30 Apr Cookbook Roundup
As the reno inches to a close, items are slowly working their way back into their proper place. My bookcase, for instance, has finally emerged from the midst of the chaos and now stands in the room that has become (and will remain) my office. For almost two months, it gathered dust and got in the way of the contractors, while my cookbooks sat clearly labeled but inaccessible in what was once my living room. As I returned the books to the shelf, I came across some titles which reminded me of my recent whirlwind trip to New York City.
The following cookbooks have nothing in common except I met the authors at the Roger Smith Food Writers’ Conference earlier this year. I liked the authors. I liked their books. And as April comes to a close, I thought I’d to a quick roundup of some of the titles I discovered while in New York City and rediscovered as I unpack.

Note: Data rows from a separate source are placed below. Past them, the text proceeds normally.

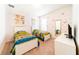 Cozy bedroom with twin beds, butterfly wall decals, and plenty of natural light at 4027 Oakrise Loop, Davenport, FL 33837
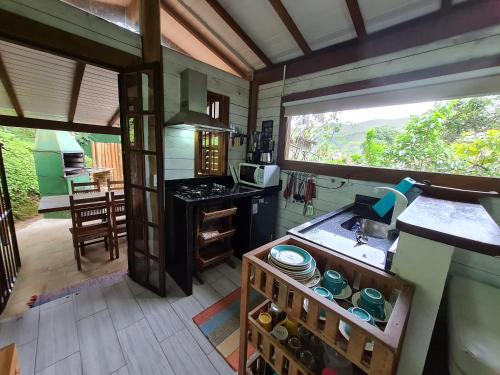 una pequeña cocina con encimera y ventana en Chalé Paúba 80m do Mar, en Pauba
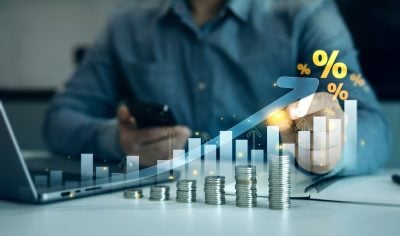 Person is calculating income and return in percent.Percentage interest rates continue to increase, stocks and mutual funds, compensation fund, investment,retirement and dividend tax graph.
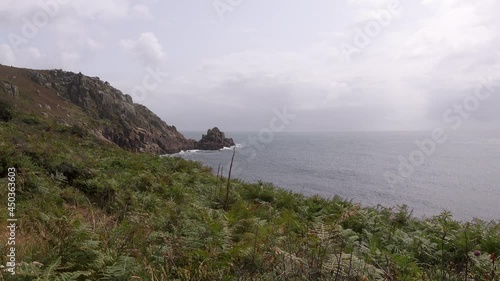 Looking across the cliffs and out to sea at Boscawen Point in West Cornwall, UK photo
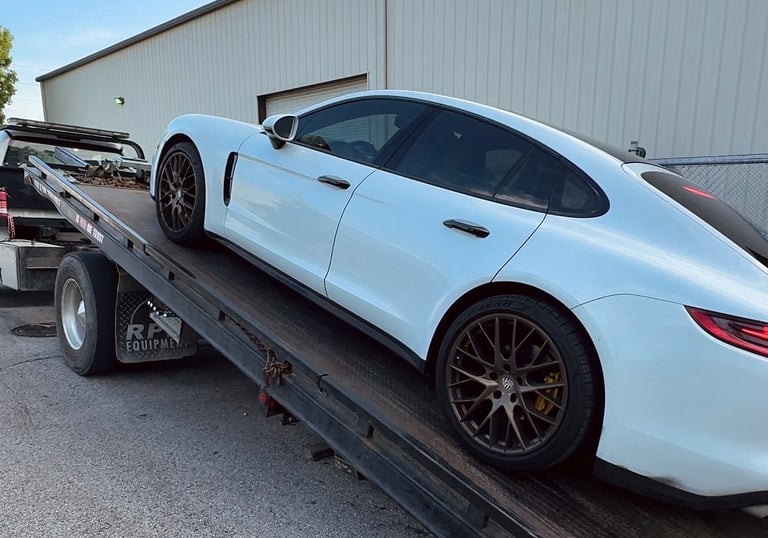 Porsche on CarGo flat bed tow truck Houston, TX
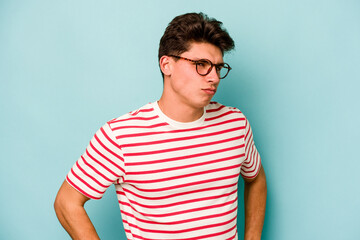 Young caucasian man isolated on blue background frowning face in displeasure, keeps arms folded.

I didn’t plan it this way, but these four books cover all the culinary bases. You’ll find pre- and postprandial beverages to bracket the meal, a healthy dinner in the middles, and a big slice of pie to round things out. What more could you ask for?
Spice & Ice by Kara Newman.
I admit, once the red wine gets opened I shut myself off to other options. But this little book has shaken things up like a James Bond martini. And the results are just as exciting and unexpected.
As Newman explores the spicy cocktail, she doesn’t just present the reader with recipes, she examines the hows and whys, dos and don’ts. Sure, you can whip up a spicy cocktail in minutes, but using her tips, you can make your own infusions, discover the joys of ginger, tell one red hot chili pepper from the next and even make some simple-but-not-boring syrups. Presented by season, these 60 recipes are pleasing to the palate and eye.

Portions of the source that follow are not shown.